Rio Tinto chairman Dominic Barton says the mining giant is committed to building its footprint in Mongolia, even as capital gets more expensive, and intense competition fuels high prices in the critical minerals mergers and acquisitions space.
Mr Barton also acknowledged that Rio had not always lived up to expectations in Mongolia, where it is counting on Oyu Tolgoi to become the world’s fourth-largest copper mine by 2030.
“We are committed to learning from that,” he told the Mongolia Economic Forum in Ulaanbaatar on Monday.
Rio chairman Dominic Barton on his feet at the Mongolia Economic Forum on Monday.
“Industry must invest for the long term.

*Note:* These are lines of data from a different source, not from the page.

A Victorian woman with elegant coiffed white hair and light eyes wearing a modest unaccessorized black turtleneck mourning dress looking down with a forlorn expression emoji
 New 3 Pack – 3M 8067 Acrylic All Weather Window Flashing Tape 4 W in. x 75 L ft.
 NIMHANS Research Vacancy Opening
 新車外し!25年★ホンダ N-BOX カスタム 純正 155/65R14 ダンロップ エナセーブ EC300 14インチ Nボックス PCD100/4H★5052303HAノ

There may be bumps in the road, but if the relationship is built on a shared vision and ambition, then these will be just that – bumps in the road.”
Rio and the Mongolian government have been able to resolve many of their differences since early last year, when Rio agreed to waive the $US2.4 billion ($3.6 billion) debt the Mongolian government owed to the Oyu Tolgoi project.
One of few remaining sore points between Rio and the current Mongolian government is over taxes related to Oyu Tolgoi. International arbitration proceedings in the long-running tax dispute have been on hold while they discuss a resolution.
Mr Barton said $US15.4 billion had been invested in developing Oyu Tolgoi since 2010, with more to come as Rio looked to ramp up the operation.
Rio is betting big on the world facing a massive shortfall of copper in the electrification of the global economy. “To deliver on our net zero goals and deliver 3.5 per cent GDP growth, the world will require more than 700 million tonnes of copper over the next 25 years,” Mr Barton told the conference.